In the records below, find the line that contains "Site Safety Board" and the line that contains "KAX ignition coil". Set down exactly those lines and every line between them, and nothing more.

### Records for this task:
+--
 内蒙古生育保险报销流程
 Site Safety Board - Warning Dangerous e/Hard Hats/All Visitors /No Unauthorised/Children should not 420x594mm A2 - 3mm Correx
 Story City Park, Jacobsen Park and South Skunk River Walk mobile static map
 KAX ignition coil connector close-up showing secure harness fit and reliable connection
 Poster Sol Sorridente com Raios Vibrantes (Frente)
+--
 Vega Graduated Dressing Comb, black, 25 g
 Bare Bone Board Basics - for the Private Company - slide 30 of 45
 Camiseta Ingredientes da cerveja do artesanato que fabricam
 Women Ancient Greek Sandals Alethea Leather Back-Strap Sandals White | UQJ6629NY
+--
### Your solution:
 Site Safety Board - Warning Dangerous e/Hard Hats/All Visitors /No Unauthorised/Children should not 420x594mm A2 - 3mm Correx
 Story City Park, Jacobsen Park and South Skunk River Walk mobile static map
 KAX ignition coil connector close-up showing secure harness fit and reliable connection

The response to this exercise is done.